=== RECORDS FOR PROCESSING ===

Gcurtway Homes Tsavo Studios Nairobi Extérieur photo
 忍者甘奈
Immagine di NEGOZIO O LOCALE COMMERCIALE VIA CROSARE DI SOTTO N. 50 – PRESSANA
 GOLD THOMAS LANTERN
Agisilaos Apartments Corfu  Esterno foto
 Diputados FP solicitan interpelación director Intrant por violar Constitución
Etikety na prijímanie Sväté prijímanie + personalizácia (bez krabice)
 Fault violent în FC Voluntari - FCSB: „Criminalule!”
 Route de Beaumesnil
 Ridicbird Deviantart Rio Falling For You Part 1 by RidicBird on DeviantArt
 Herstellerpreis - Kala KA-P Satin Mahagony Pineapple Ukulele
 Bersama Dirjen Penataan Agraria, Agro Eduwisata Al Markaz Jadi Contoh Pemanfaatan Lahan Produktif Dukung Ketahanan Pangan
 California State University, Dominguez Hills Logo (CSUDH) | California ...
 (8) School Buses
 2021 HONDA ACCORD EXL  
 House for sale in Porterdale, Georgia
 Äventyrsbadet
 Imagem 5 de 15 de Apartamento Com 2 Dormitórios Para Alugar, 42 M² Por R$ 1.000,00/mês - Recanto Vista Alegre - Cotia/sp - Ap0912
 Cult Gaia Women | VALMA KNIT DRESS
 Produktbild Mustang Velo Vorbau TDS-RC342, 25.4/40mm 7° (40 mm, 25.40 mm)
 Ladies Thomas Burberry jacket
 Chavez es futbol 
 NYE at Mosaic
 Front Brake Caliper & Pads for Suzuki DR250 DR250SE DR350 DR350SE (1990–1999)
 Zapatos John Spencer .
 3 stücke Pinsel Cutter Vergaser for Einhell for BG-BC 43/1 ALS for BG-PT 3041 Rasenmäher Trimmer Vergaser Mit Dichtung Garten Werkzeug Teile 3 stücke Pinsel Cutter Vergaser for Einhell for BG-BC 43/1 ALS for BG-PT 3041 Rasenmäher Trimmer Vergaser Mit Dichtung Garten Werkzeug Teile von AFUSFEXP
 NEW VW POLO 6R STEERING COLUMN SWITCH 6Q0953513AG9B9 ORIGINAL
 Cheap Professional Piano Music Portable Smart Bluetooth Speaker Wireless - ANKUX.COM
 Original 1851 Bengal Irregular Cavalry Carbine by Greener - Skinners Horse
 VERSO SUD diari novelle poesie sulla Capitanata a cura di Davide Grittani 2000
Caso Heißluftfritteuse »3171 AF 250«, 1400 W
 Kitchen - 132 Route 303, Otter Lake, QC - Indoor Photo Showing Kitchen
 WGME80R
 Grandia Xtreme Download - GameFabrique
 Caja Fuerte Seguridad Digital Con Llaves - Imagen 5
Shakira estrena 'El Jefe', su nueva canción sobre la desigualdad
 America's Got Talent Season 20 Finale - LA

===

- [EXERCISE BRIEF]
An exact copy of the entire material is required.

- [RESULT OF THE TASK]
Gcurtway Homes Tsavo Studios Nairobi Extérieur photo
 忍者甘奈
Immagine di NEGOZIO O LOCALE COMMERCIALE VIA CROSARE DI SOTTO N. 50 – PRESSANA
 GOLD THOMAS LANTERN
Agisilaos Apartments Corfu  Esterno foto
 Diputados FP solicitan interpelación director Intrant por violar Constitución
Etikety na prijímanie Sväté prijímanie + personalizácia (bez krabice)
 Fault violent în FC Voluntari - FCSB: „Criminalule!”
 Route de Beaumesnil
 Ridicbird Deviantart Rio Falling For You Part 1 by RidicBird on DeviantArt
 Herstellerpreis - Kala KA-P Satin Mahagony Pineapple Ukulele
 Bersama Dirjen Penataan Agraria, Agro Eduwisata Al Markaz Jadi Contoh Pemanfaatan Lahan Produktif Dukung Ketahanan Pangan
 California State University, Dominguez Hills Logo (CSUDH) | California ...
 (8) School Buses
 2021 HONDA ACCORD EXL  
 House for sale in Porterdale, Georgia
 Äventyrsbadet
 Imagem 5 de 15 de Apartamento Com 2 Dormitórios Para Alugar, 42 M² Por R$ 1.000,00/mês - Recanto Vista Alegre - Cotia/sp - Ap0912
 Cult Gaia Women | VALMA KNIT DRESS
 Produktbild Mustang Velo Vorbau TDS-RC342, 25.4/40mm 7° (40 mm, 25.40 mm)
 Ladies Thomas Burberry jacket
 Chavez es futbol 
 NYE at Mosaic
 Front Brake Caliper & Pads for Suzuki DR250 DR250SE DR350 DR350SE (1990–1999)
 Zapatos John Spencer .
 3 stücke Pinsel Cutter Vergaser for Einhell for BG-BC 43/1 ALS for BG-PT 3041 Rasenmäher Trimmer Vergaser Mit Dichtung Garten Werkzeug Teile 3 stücke Pinsel Cutter Vergaser for Einhell for BG-BC 43/1 ALS for BG-PT 3041 Rasenmäher Trimmer Vergaser Mit Dichtung Garten Werkzeug Teile von AFUSFEXP
 NEW VW POLO 6R STEERING COLUMN SWITCH 6Q0953513AG9B9 ORIGINAL
 Cheap Professional Piano Music Portable Smart Bluetooth Speaker Wireless - ANKUX.COM
 Original 1851 Bengal Irregular Cavalry Carbine by Greener - Skinners Horse
 VERSO SUD diari novelle poesie sulla Capitanata a cura di Davide Grittani 2000
Caso Heißluftfritteuse »3171 AF 250«, 1400 W
 Kitchen - 132 Route 303, Otter Lake, QC - Indoor Photo Showing Kitchen
 WGME80R
 Grandia Xtreme Download - GameFabrique
 Caja Fuerte Seguridad Digital Con Llaves - Imagen 5
Shakira estrena 'El Jefe', su nueva canción sobre la desigualdad
 America's Got Talent Season 20 Finale - LA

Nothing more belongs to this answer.